Перезагрузка или Back in the Ussr (трилогия) - Геннадий Марченко
Шрифт:
Интервал:
Закладка:
– Ну пойдемте, посмотрим, что у вас там за чай.
Для выступления мне предложили уставленный большими катушками с кабелем цех, в котором только что закончила работу дневная смена. Подтянулись, наверное, и трудящиеся из соседних цехов. Сотни полторы рабочих, среди которых мелькали и женские лица, заняли места на принесенных стульях перед небольшой сценой.

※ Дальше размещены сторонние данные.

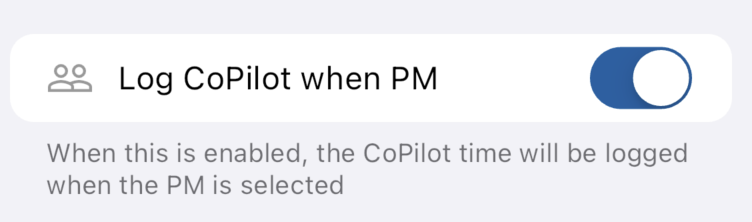 Log CoPilot when PM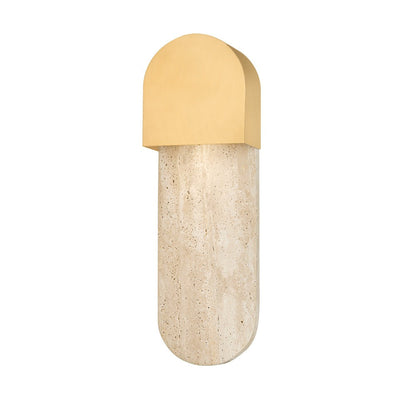 1 Light Wall Sconce - Aged Brass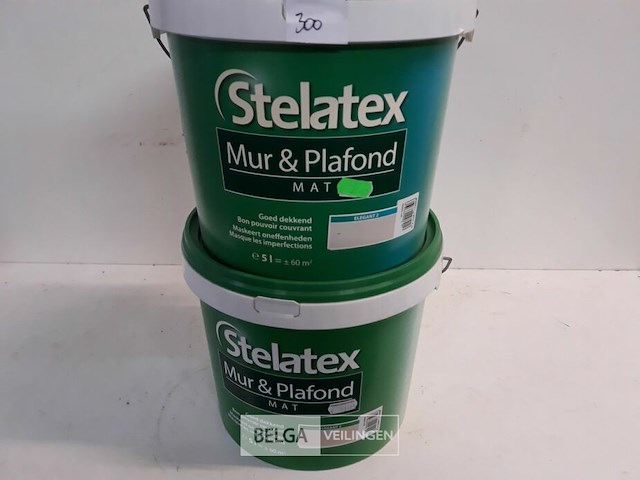 2 x muur en plafond verf stelatex 5l - afbeelding 1 van  3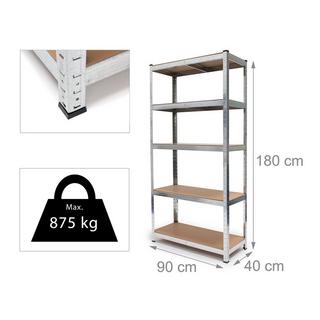 B2X Etagère de rangement 5 étagères  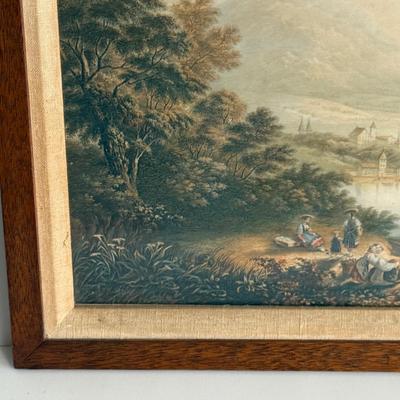 LOT 48X: "Lake Lucerne, Switzerland" by George Baxter Framed Color Print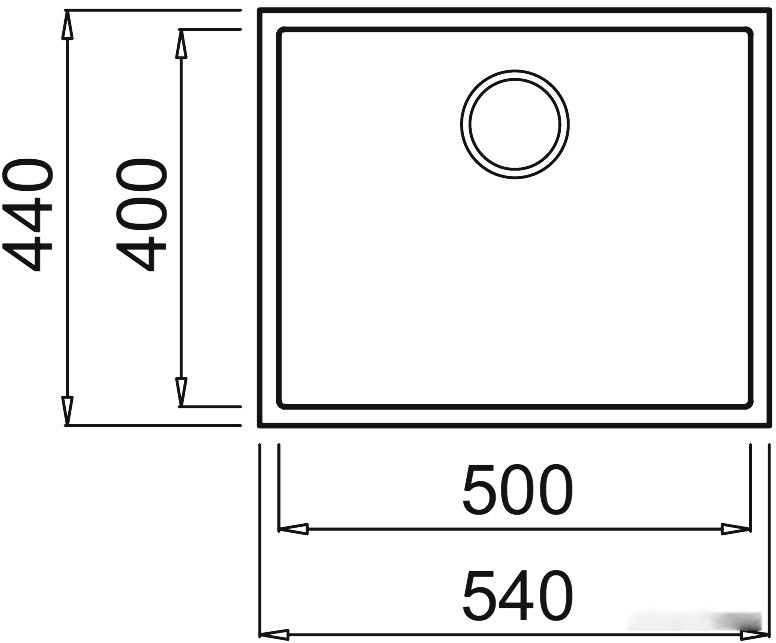 Кухонная мойка Elleci Quadra 105 Undermount Cemento 48 Кухонная мойка Elleci Quadra 105 Undermount Cemento 48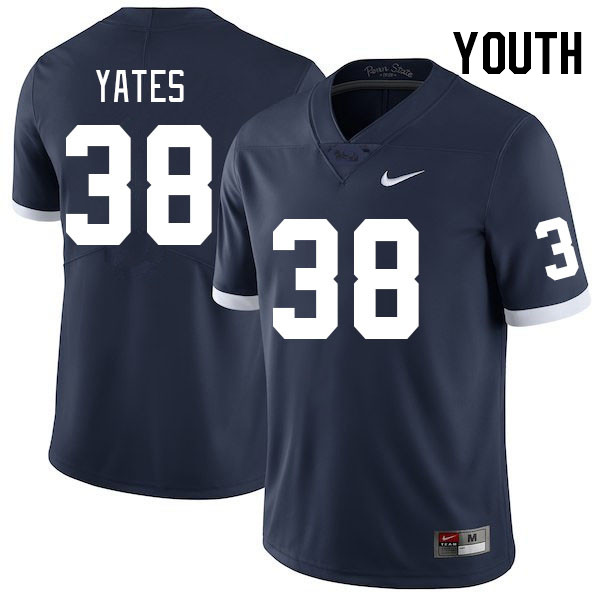 Youth #38 Winston Yates Penn State Nittany Lions College Football Jerseys Stitched Sale-Retro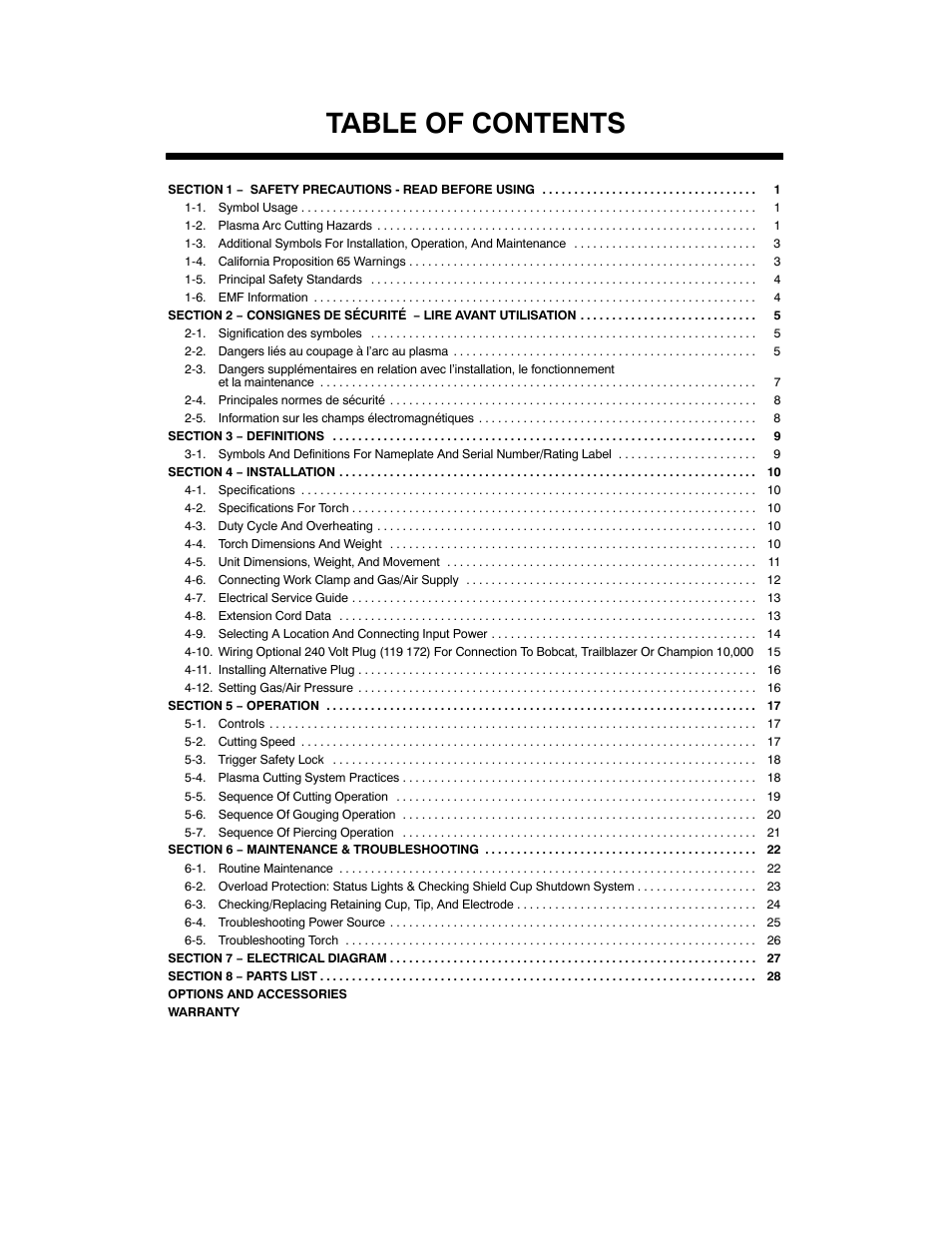 Hobart Welding Products AirForce 625 And ICE-40C Torch User Manual | Page 3 / 40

Меня на сцене поджидали обещанные микрофоны, стул и маленький столик типа журнального, на котором стояли графин с водой и высокий стеклянный стакан.
Почему-то в первый момент я немного оробел, хотя до этого пару раз точно приходилось выступать. Два года назад, помнится, перед студентами педучилища в Пензе, когда я увидел свою будущую маму, а затем у Брестской крепости перед школьниками и ветеранами войны. Но сейчас на меня смотрели уставшие лица даже еще не успевших переодеться работяг, в усталых взглядах которых читалось: «Быстрее бы закончилась эта показуха, и мы уже пойдем домой, к своим семьям».

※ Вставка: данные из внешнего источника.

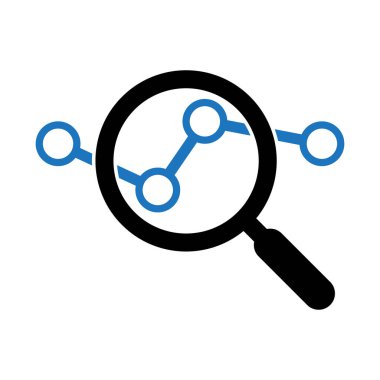 İş analiz ikonu vektör illüstrasyonu, Pazarlama Araştırma simgesi. Finans izleme sembolü.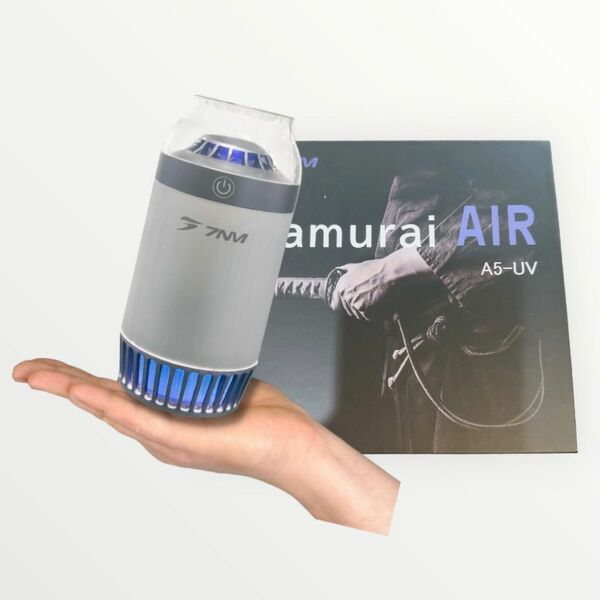 7NM 脱臭強化 空気清浄機 SAMURAIAIR 車載 ポータブル タバコ 小型 光触媒 除菌 卓上 ペット 消臭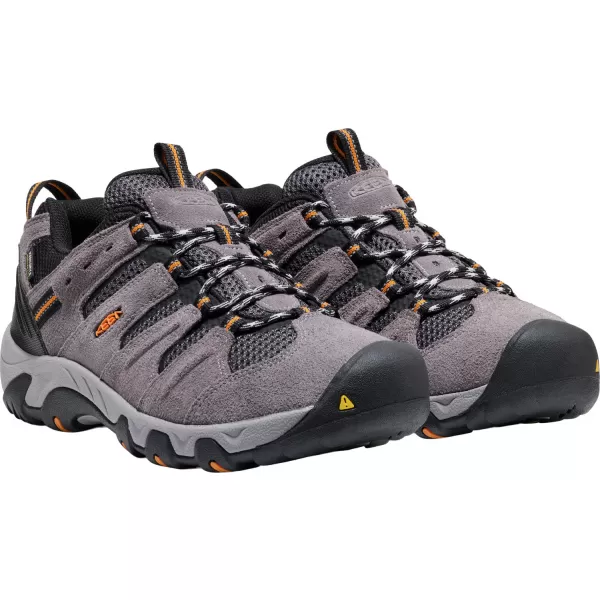  Pánské trekové boty KEEN HEADOUT WP MEN STEEL GREY/ORANGE PEPPER 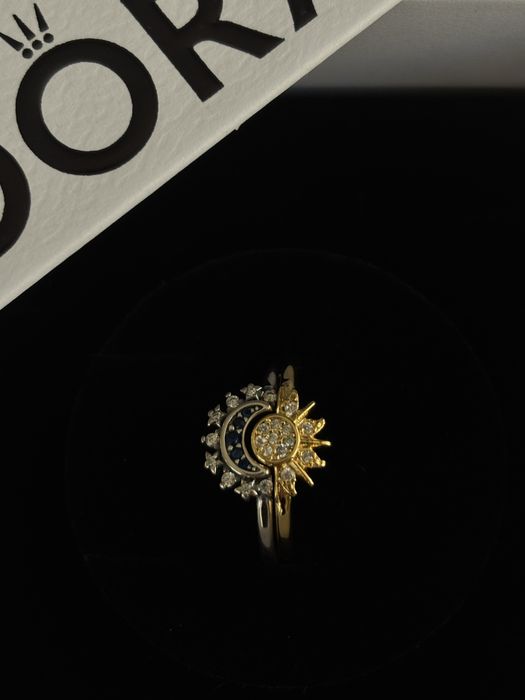 Сребърни пръстени Слънце и Луна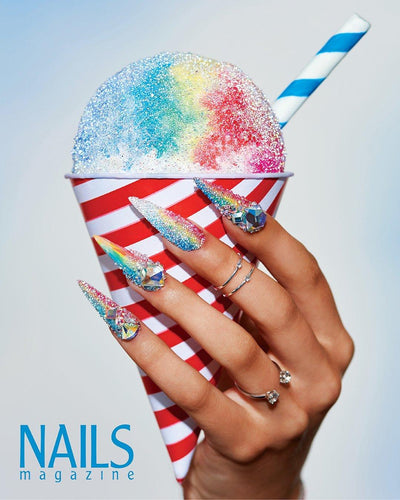 Nails Magazine July 2018 Cover Nails | The Nail Hub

Сделав над собой усилие, я растянул рот в улыбке и поздоровался. Звук был настроен отлично, да и акустика в цеху не уступала концертному залу.

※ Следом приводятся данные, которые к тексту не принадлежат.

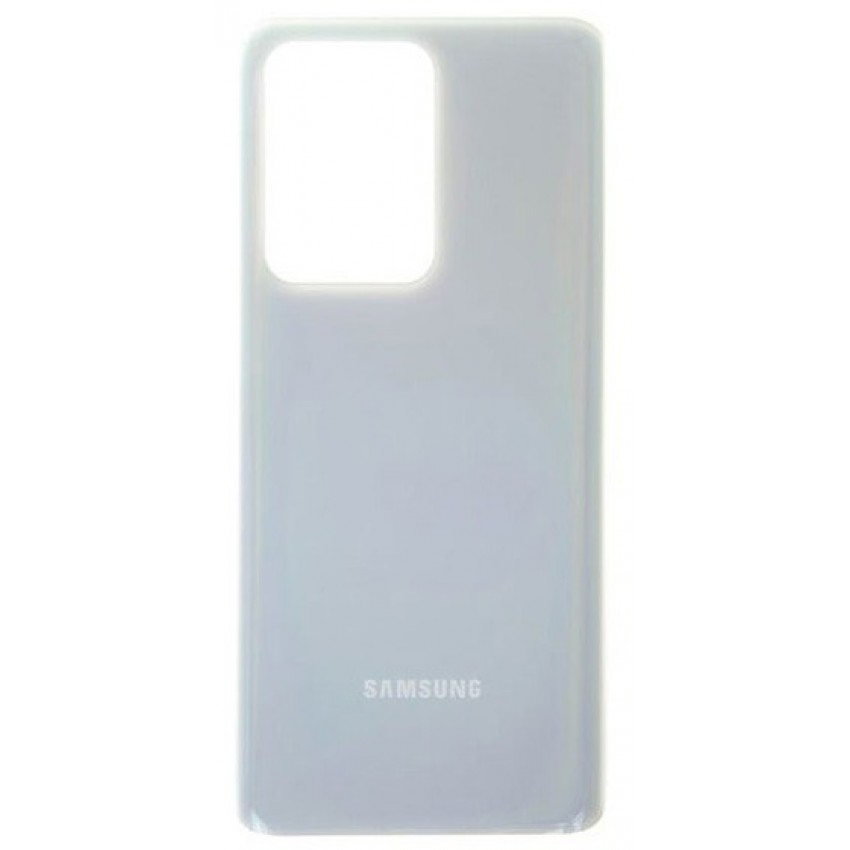 Back cover for Samsung G988 S20 Ultra Cloud White (without camera lens) original (used Grade A)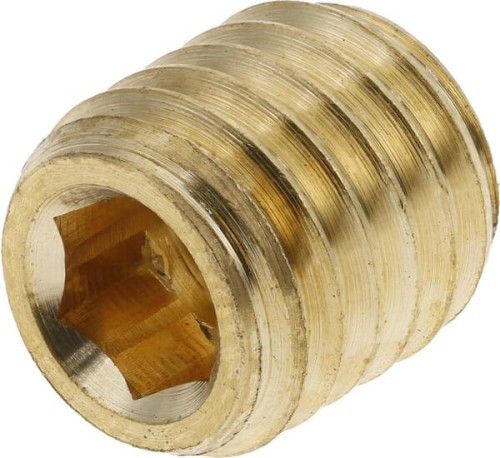 Śruba dławiąca SSM M10 ø 2.5 mm mosieżna SSM101225BR - Intertraktor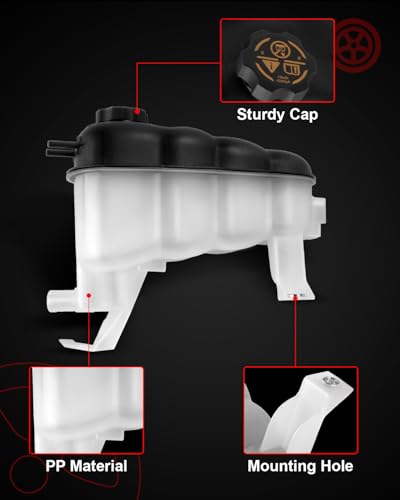 Coolant Reservoir Tank Fits for 2014-2019 Silverado 1500, Suburban - size: 603-973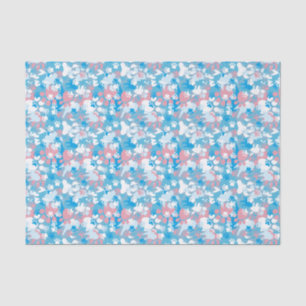 Dog Pink en Blue Camouflage Pattern Tissuepapier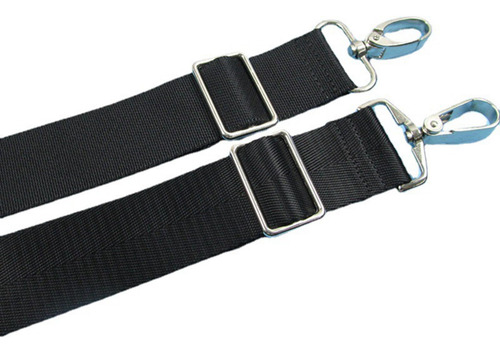 2 Correa De Nailon Para Bolso De Hombro, Longitud Negro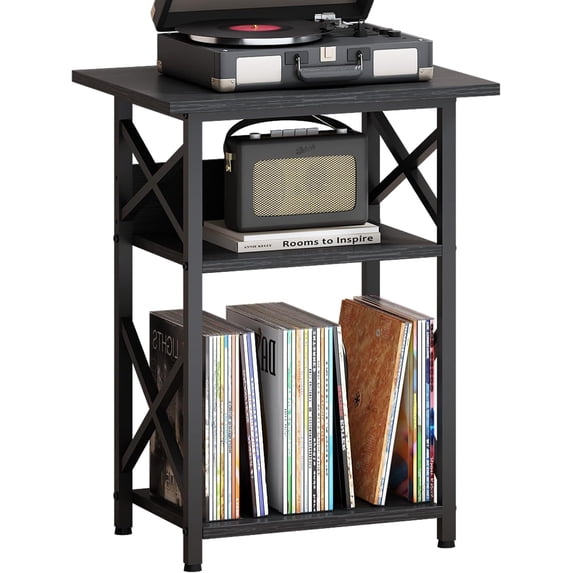 Record Player Stand with Large Desktop, Record Player Table with Vinyl ...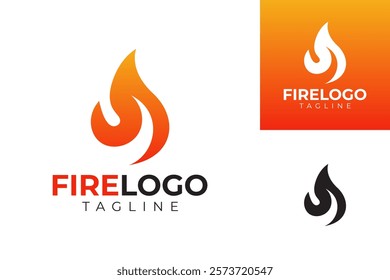 vector fire logo premium template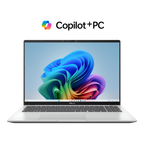 لابتوب ASUS Vivobook 16 معالج Qualcomm Snapdragon® X X1-26-100، ذاكرة 16 جيجابايت، سعة 512 جيجابايت SSD، بطاقة Qualcomm® Adreno™ GPU، شاشة 16 بوصة WUXGA، ويندوز 11، فضي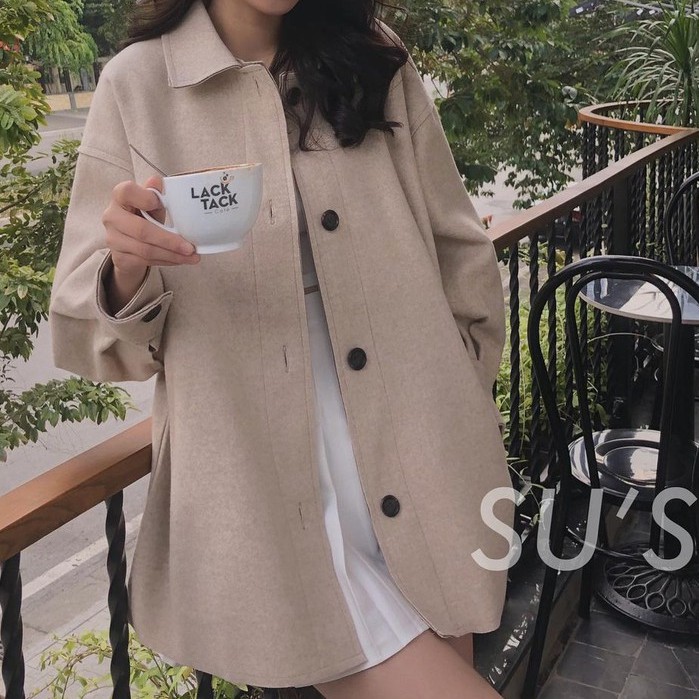 Áo Khoác Dạ Ép - Titto Closet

– Надеюсь, представляться не нужно?
– Нет уж, представьтесь, – выкрикнул с места небритый работяга, и с победной улыбкой оглянулся по сторонам. Вот, мол, я каков. И тут же словил недовольный взгляд парторга, сидевшего слева от сцены лицом к собравшимся.
– Хорошо, раз вы просите… Меня зовут Сергей Андреевич Губернский. И книги пишу, и песни сочиняю, в чем мне, случается, помогает и супруга, и сценарии пишу для фильмов. Сам я из провинции, из Пензы, работал грузчиком в овощном магазине, а моя жена была в этом магазине заведующей. Кто-то, вероятно, не знает мою историю, я расскажу. Дело в том, что я не знаю, кто я такой на самом деле и как меня зовут. Да-да, не удивляйтесь, но это так. Я очнулся на лавочке в Пензе 18 апреля 1975 года, не имея понятия, кто я такой и как сюда попал. Единственное, мне казалось, что меня зовут Сергей Андреевич Губернский, хотя никаких документов при себе я не обнаружил. Так и представился своей будущей супруге, когда она меня, можно сказать, пригрела, умирающего с голоду и бездомного.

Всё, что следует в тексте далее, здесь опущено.